Readers wanted to know all about their celebrities, or at least about my encounters with them. From A-listers and B-listers right down to Z-listers. The whole stupid alphabet top to bottom. Names to be forgotten one day.* They needed the publicity and I needed the job. I wasn’t a star fucker—I’ll say that, having come from the newsroom with no more interest in celebrities than any routine reporter. I was a stand-in for star fuckers.​ One night I was talking to Paul Simon. It was nearly midnight. We sank into one of the two sofas planted cozily in the middle of his vast livingroom. It had a sweeping view of Central Park and the Manhattan skyline. A wide staircase led to the upper recesses of an apartment as large as a mansion. Behind us was a concert grand piano and a floor-to-ceiling Helen Frankenthaler stain painting. As we spoke, he noodled on a guitar.
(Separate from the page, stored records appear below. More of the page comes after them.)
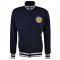 Scotland 1978 World Cup Track Top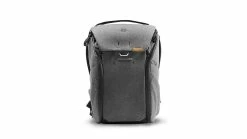 Peak Design Everyday 30 Liters Zip Backpack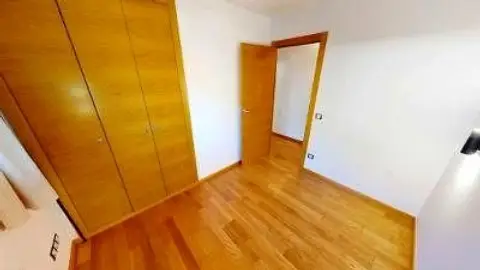 Pis de 3 habitacions en venda a Ansalonga, Ordino · 47 de 60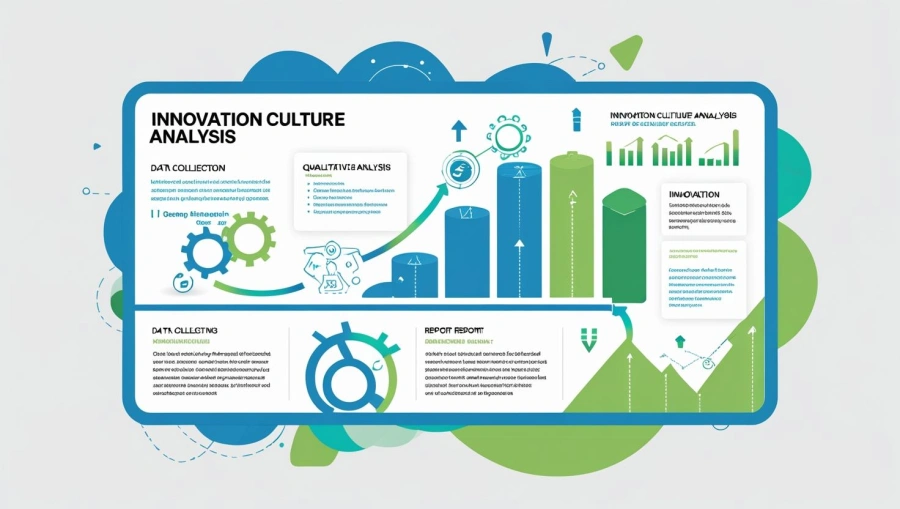 Innovation Culture Analysis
Noticing my roving eye, he pointed out a tiny drawing hanging inconspicuously on a wall panel. It was a Rembrandt. I had missed that. He was proud of it, pround to own it. When I asked him about it, he didn’t reply at first. Then he said, “Television will make you famous. Movies will make you glamorous. Rock’n’roll will make you rich.” He cocked his head and looked at me with a certain amusement, and I asked myself what I was doing on Grub Street.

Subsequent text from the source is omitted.